[Dataset excerpts]

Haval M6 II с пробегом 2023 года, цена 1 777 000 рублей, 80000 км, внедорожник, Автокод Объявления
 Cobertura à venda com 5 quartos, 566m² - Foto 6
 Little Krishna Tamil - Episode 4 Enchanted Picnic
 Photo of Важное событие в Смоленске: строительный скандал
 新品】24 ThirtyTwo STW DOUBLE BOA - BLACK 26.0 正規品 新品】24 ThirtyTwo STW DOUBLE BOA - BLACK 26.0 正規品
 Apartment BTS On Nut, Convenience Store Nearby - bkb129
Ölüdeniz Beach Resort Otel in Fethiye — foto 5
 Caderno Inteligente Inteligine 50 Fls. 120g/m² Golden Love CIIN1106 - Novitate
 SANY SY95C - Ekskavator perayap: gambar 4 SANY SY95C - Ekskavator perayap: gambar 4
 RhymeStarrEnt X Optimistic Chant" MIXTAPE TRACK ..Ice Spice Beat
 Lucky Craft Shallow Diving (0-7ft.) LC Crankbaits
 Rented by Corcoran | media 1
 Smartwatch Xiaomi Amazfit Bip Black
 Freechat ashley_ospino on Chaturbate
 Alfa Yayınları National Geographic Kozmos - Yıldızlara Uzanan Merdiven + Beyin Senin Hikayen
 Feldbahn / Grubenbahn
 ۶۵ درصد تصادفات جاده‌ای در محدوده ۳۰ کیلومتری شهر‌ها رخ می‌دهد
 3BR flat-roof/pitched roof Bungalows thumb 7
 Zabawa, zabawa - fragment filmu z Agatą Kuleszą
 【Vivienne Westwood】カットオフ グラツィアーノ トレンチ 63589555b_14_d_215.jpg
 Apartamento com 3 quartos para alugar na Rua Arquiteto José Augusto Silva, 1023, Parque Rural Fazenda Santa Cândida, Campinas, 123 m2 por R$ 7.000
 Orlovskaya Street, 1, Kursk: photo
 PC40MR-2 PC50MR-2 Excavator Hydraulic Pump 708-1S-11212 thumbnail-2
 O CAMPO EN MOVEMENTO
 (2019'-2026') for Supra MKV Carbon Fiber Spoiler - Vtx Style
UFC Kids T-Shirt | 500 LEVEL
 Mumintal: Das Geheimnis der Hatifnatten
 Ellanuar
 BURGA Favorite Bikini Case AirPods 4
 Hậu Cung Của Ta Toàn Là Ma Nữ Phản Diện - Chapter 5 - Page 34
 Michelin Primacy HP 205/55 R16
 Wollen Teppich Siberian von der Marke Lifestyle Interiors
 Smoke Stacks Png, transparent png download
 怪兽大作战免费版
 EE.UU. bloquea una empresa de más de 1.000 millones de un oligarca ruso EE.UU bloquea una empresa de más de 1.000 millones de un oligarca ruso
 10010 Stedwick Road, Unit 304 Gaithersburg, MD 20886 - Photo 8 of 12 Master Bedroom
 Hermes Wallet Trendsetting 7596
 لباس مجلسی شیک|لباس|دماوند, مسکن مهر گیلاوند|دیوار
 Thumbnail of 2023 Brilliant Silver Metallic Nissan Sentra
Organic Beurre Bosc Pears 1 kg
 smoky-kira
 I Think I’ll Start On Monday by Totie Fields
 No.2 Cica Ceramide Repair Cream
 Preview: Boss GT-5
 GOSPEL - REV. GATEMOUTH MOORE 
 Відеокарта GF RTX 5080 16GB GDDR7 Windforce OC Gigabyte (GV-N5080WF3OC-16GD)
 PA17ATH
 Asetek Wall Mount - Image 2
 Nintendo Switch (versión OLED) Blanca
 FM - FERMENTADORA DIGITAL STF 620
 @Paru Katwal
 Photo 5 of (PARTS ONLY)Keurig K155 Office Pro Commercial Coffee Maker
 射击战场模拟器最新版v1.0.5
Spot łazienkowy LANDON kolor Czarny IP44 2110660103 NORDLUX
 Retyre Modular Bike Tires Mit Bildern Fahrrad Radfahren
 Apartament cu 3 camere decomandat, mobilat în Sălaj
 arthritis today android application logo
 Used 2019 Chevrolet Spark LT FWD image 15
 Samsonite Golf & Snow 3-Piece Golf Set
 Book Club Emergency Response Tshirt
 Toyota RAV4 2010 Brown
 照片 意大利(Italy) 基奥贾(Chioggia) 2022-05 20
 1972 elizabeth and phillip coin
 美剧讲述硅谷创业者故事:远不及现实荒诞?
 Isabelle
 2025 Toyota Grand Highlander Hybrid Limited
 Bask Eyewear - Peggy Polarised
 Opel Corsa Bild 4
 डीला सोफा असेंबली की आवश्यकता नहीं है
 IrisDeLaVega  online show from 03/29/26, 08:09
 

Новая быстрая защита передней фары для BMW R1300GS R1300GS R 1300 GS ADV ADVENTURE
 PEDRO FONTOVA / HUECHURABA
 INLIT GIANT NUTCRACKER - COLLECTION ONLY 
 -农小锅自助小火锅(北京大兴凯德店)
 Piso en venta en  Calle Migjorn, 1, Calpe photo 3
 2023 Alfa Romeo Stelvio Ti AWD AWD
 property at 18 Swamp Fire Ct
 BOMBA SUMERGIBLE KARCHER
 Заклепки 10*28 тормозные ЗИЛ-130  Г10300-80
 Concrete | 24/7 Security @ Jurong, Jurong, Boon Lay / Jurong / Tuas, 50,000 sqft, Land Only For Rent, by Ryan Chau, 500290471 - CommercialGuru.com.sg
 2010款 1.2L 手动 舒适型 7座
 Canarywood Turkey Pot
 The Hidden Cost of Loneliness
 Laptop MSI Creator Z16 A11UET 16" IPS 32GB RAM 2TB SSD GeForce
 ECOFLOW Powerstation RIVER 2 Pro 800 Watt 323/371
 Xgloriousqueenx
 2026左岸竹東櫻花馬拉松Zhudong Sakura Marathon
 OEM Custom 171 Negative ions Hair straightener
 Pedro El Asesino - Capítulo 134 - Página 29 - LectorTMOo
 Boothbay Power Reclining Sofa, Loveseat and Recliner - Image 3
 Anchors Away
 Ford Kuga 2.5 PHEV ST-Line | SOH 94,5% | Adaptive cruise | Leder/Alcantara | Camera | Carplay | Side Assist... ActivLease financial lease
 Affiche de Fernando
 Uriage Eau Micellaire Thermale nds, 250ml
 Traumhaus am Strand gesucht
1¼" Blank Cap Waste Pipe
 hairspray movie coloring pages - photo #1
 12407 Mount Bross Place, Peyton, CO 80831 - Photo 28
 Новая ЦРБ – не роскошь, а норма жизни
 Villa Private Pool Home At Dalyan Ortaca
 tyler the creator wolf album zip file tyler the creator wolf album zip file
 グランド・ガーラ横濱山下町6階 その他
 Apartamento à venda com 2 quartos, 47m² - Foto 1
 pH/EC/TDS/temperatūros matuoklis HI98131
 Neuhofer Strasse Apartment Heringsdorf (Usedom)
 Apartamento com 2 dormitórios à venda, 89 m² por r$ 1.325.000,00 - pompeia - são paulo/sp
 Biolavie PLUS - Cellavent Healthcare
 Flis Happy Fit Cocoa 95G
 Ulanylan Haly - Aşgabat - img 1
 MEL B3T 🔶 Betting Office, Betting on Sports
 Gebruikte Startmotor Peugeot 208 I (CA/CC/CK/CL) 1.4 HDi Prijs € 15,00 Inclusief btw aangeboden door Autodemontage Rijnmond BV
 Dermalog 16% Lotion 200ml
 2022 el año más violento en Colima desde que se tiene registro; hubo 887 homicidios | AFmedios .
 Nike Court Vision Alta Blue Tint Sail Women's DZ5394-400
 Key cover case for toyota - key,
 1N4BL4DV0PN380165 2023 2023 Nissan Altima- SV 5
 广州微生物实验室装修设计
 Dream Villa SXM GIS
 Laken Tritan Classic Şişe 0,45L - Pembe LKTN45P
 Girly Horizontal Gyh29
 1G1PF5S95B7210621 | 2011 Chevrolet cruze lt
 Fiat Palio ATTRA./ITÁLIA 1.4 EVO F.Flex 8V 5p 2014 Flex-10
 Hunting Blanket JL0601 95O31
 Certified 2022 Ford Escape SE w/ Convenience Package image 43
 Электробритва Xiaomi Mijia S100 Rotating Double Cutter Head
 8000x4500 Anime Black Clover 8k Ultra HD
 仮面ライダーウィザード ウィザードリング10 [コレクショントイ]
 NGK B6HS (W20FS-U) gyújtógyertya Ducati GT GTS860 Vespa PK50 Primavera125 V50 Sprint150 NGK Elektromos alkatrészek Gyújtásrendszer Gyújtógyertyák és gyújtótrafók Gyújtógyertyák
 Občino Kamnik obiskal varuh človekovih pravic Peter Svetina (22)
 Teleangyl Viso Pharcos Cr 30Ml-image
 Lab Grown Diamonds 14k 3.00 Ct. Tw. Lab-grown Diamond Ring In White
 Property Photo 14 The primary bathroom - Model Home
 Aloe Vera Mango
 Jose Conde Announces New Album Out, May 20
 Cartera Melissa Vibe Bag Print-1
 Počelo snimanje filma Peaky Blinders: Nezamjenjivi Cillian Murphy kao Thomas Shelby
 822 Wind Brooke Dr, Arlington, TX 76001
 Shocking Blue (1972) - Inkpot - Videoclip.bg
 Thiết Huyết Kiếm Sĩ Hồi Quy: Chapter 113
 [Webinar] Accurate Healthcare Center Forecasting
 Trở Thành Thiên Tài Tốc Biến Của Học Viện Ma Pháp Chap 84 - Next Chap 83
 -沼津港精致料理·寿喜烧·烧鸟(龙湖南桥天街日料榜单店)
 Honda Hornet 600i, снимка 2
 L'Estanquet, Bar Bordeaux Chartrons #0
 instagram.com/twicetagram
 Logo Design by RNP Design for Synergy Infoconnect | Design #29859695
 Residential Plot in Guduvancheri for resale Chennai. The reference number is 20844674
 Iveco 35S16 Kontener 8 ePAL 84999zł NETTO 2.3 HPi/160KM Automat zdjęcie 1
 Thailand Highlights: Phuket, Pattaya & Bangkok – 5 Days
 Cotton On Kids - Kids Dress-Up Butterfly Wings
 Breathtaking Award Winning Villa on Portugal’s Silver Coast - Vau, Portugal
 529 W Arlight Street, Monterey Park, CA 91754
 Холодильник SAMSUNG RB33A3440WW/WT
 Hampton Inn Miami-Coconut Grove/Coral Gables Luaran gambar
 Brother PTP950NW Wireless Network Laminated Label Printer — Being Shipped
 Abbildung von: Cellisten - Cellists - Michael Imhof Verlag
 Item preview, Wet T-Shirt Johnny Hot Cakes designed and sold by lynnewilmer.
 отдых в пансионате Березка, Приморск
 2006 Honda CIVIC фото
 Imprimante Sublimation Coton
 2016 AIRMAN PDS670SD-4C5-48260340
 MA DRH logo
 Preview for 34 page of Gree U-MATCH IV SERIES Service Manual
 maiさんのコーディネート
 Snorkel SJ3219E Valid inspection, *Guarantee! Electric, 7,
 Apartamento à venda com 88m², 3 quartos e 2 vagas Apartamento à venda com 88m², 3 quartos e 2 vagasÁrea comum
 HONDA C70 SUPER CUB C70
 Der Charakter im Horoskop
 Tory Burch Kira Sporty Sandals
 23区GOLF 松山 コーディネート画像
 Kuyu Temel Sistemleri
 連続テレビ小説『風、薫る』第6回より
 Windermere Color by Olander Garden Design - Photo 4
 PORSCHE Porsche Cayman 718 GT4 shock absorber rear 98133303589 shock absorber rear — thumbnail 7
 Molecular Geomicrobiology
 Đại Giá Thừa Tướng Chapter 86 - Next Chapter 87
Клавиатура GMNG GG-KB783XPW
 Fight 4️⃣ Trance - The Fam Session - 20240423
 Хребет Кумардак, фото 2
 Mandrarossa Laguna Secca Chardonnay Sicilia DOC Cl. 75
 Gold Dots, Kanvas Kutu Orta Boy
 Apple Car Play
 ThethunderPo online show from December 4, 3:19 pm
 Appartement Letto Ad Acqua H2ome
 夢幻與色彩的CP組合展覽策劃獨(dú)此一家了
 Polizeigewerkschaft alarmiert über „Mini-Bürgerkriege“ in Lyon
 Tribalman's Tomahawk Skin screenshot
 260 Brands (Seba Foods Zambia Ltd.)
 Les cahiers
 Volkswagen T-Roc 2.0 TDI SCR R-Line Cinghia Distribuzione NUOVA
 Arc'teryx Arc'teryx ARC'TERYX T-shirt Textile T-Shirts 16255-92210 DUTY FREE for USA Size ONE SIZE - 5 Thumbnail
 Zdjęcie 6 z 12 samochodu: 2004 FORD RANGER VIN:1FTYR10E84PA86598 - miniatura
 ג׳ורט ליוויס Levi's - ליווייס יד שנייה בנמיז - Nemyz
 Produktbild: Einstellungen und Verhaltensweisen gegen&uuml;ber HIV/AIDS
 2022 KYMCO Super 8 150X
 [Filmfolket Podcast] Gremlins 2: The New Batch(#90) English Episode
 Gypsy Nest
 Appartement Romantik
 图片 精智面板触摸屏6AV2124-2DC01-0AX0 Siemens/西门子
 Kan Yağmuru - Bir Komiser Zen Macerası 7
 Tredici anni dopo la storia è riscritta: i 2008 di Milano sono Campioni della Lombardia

* _WORK ORDER_:
Among the lines above, repeat exactly those from the line with "Cobertura à venda" to the line with "RhymeStarrEnt X Optimistic", counting both ends.

* _TASK ANSWER_:
 Cobertura à venda com 5 quartos, 566m² - Foto 6
 Little Krishna Tamil - Episode 4 Enchanted Picnic
 Photo of Важное событие в Смоленске: строительный скандал
 新品】24 ThirtyTwo STW DOUBLE BOA - BLACK 26.0 正規品 新品】24 ThirtyTwo STW DOUBLE BOA - BLACK 26.0 正規品
 Apartment BTS On Nut, Convenience Store Nearby - bkb129
Ölüdeniz Beach Resort Otel in Fethiye — foto 5
 Caderno Inteligente Inteligine 50 Fls. 120g/m² Golden Love CIIN1106 - Novitate
 SANY SY95C - Ekskavator perayap: gambar 4 SANY SY95C - Ekskavator perayap: gambar 4
 RhymeStarrEnt X Optimistic Chant" MIXTAPE TRACK ..Ice Spice Beat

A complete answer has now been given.